Parameters: g : array_like, int, shape (n_variants, n_samples, ploidy)
Genotype array.
subpops : sequence of sequences of ints
Sample indices for each subpopulation.
blen : int
Block size (number of variants).
max_allele : int, optional
The highest allele index to consider.
Returns: fst : float
Estimated value of the statistic using all data.
se : float
Estimated standard error.
vb : ndarray, float, shape (n_blocks,)
Value of the statistic in each block.
vj : ndarray, float, shape (n_blocks,)
Values of the statistic from block-jackknife resampling.
-
allel.stats.fst.
blockwise_hudson_fst
(ac1, ac2, blen)[source]¶ Estimate average Fst between two populations and standard error using the block-jackknife.

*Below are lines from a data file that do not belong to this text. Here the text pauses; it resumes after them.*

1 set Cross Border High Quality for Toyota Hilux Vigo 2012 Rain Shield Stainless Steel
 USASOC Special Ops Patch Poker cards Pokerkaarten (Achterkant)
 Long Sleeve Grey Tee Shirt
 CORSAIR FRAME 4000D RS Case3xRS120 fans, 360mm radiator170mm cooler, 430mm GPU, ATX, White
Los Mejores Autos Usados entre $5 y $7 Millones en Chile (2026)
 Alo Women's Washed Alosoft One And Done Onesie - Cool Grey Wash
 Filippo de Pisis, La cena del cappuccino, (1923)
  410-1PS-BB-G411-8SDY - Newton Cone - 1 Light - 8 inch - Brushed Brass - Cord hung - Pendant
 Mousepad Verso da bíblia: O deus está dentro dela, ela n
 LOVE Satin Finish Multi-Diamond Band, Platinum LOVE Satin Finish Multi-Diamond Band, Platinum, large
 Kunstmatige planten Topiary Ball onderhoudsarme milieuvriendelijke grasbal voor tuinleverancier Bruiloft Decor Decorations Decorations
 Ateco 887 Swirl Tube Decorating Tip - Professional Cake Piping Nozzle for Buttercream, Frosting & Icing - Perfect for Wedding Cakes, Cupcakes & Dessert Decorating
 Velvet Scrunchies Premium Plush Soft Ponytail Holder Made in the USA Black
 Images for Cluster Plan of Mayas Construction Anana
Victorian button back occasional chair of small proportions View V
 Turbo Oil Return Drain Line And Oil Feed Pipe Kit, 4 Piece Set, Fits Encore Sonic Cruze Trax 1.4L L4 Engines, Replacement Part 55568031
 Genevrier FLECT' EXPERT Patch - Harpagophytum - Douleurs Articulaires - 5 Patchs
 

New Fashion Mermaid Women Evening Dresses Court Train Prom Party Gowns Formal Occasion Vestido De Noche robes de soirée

Parameters: ac1 : array_like, int, shape (n_variants, n_alleles)
Allele counts array from the first population.
ac2 : array_like, int, shape (n_variants, n_alleles)
Allele counts array from the second population.
blen : int
Block size (number of variants).
Returns: fst : float
Estimated value of the statistic using all data.
se : float
Estimated standard error.
vb : ndarray, float, shape (n_blocks,)
Value of the statistic in each block.
vj : ndarray, float, shape (n_blocks,)
Values of the statistic from block-jackknife resampling.
-
allel.stats.fst.
blockwise_patterson_fst
(ac1, ac2, blen)[source]¶ Estimate average Fst between two populations and standard error using the block-jackknife.
Parameters: ac1 : array_like, int, shape (n_variants, n_alleles)
Allele counts array from the first population.
ac2 : array_like, int, shape (n_variants, n_alleles)
Allele counts array from the second population.
blen : int
Block size (number of variants).
Returns: fst : float
Estimated value of the statistic using all data.
se : float
Estimated standard error.
vb : ndarray, float, shape (n_blocks,)
Value of the statistic in each block.
vj : ndarray, float, shape (n_blocks,)
Values of the statistic from block-jackknife resampling.